Listed entries: Begin

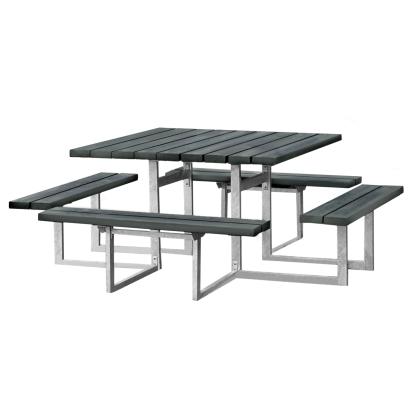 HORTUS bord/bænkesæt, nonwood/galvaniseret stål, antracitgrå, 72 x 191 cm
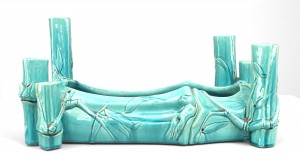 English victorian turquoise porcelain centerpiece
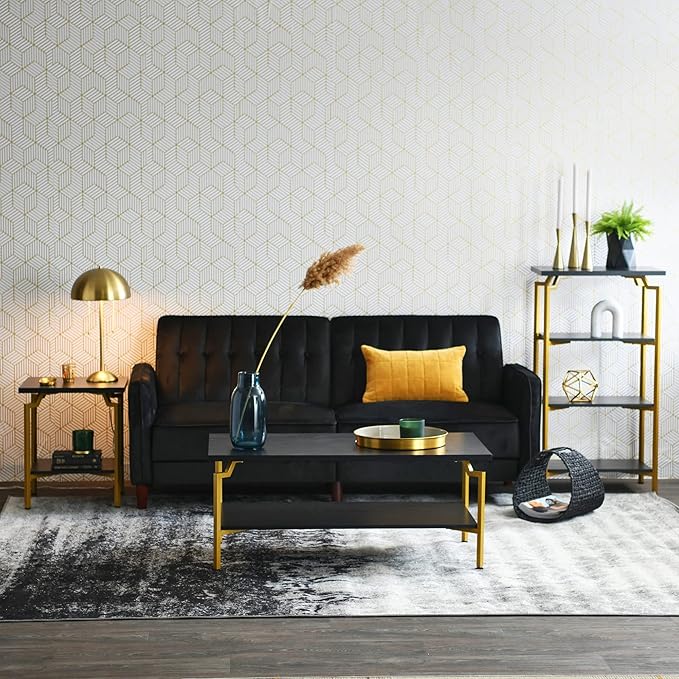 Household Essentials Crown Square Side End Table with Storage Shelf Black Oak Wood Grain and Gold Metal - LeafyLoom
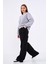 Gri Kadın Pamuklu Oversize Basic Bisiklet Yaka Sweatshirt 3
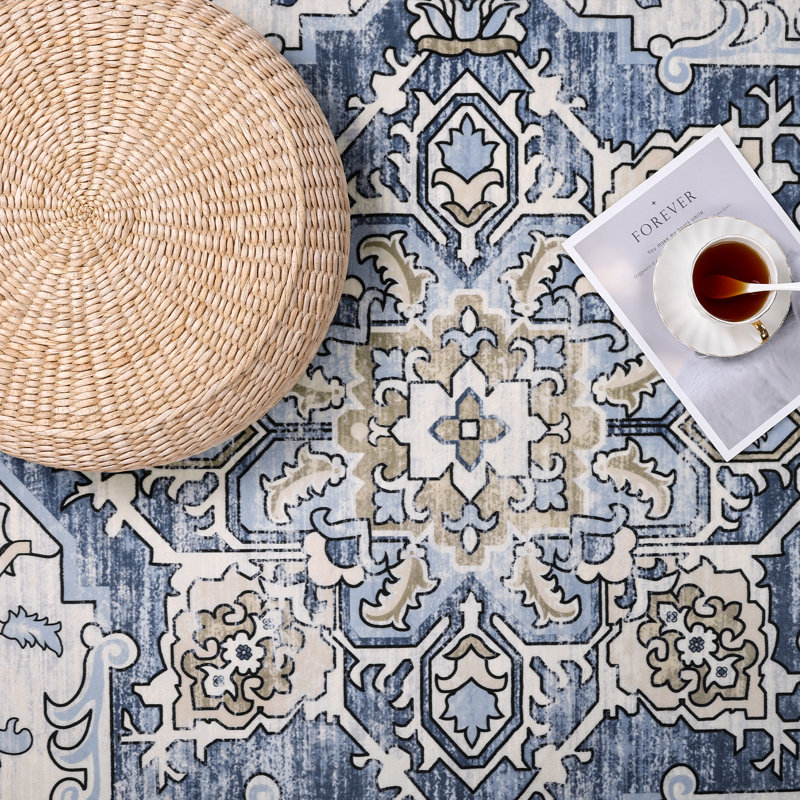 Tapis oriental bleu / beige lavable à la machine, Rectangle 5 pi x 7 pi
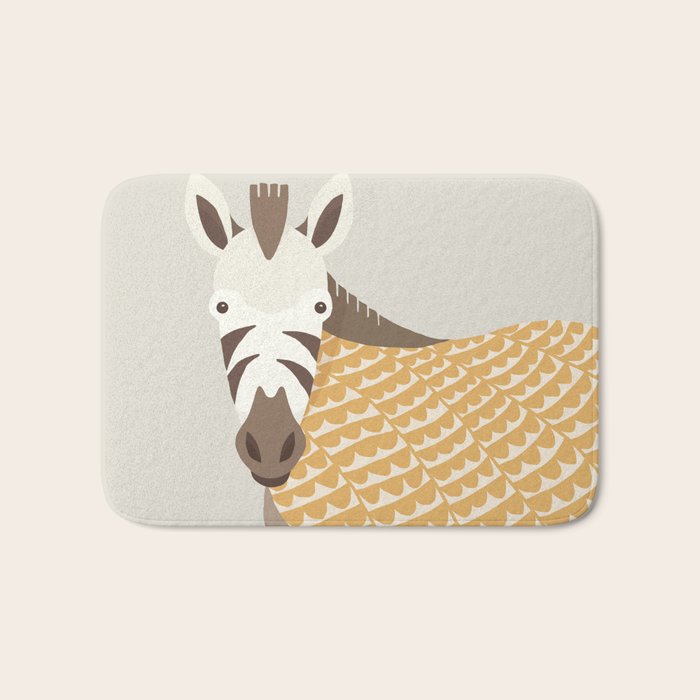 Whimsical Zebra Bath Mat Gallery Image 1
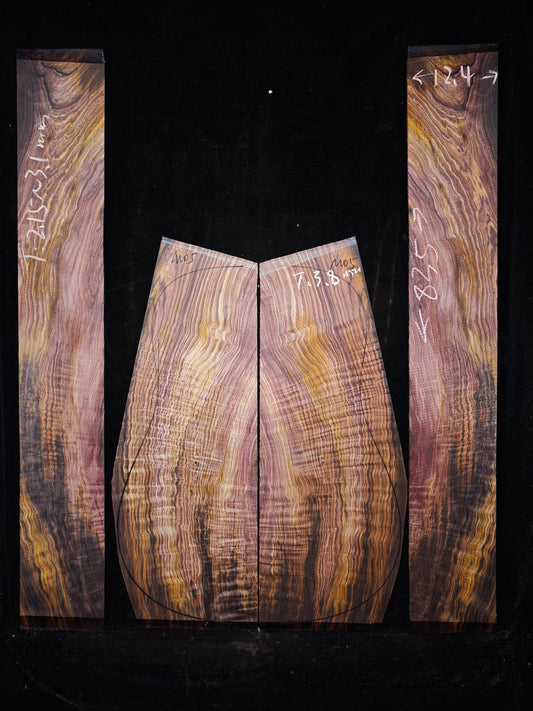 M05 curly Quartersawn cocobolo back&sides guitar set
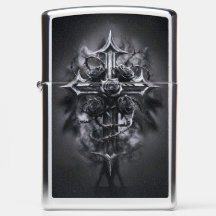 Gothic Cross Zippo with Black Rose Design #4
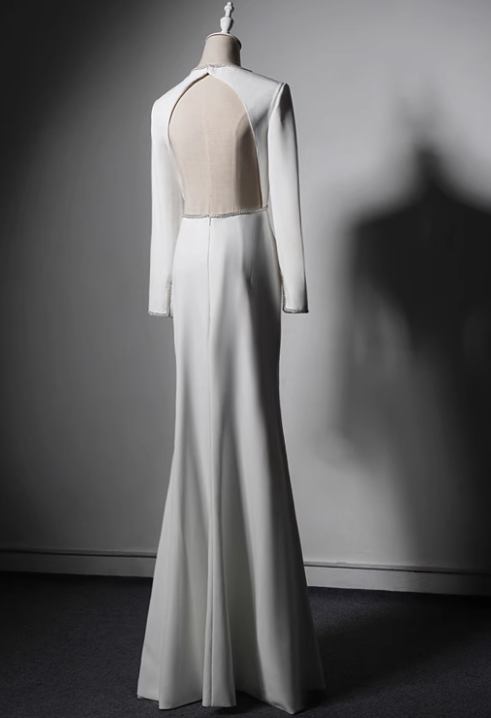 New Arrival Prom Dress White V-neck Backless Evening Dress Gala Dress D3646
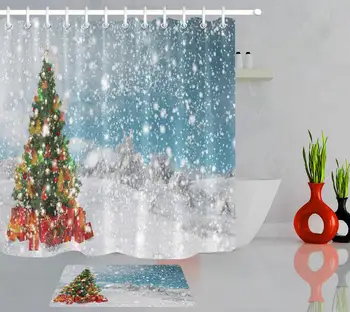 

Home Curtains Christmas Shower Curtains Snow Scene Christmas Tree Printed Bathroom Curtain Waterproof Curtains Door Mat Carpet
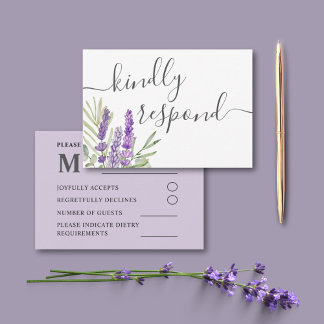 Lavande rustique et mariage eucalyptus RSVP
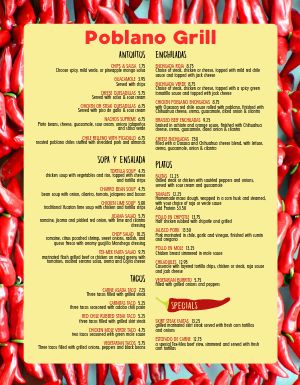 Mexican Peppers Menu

Listed entries: End

[Description of the task]
Copy out the lines exactly as written, beginning with the one that contains "Gri Kadın Pamuklu" and ending with the last line of the material; do not include pictures.

[Expected answer]
 Gri Kadın Pamuklu Oversize Basic Bisiklet Yaka Sweatshirt 3
 Tapis oriental bleu / beige lavable à la machine, Rectangle 5 pi x 7 pi
 Whimsical Zebra Bath Mat Gallery Image 1
 M05 curly Quartersawn cocobolo back&sides guitar set
 Gothic Cross Zippo with Black Rose Design #4
 New Arrival Prom Dress White V-neck Backless Evening Dress Gala Dress D3646

Home Curtains Christmas Shower Curtains Snow Scene Christmas Tree Printed Bathroom Curtain Waterproof Curtains Door Mat Carpet
 Lavande rustique et mariage eucalyptus RSVP
 Mexican Peppers Menu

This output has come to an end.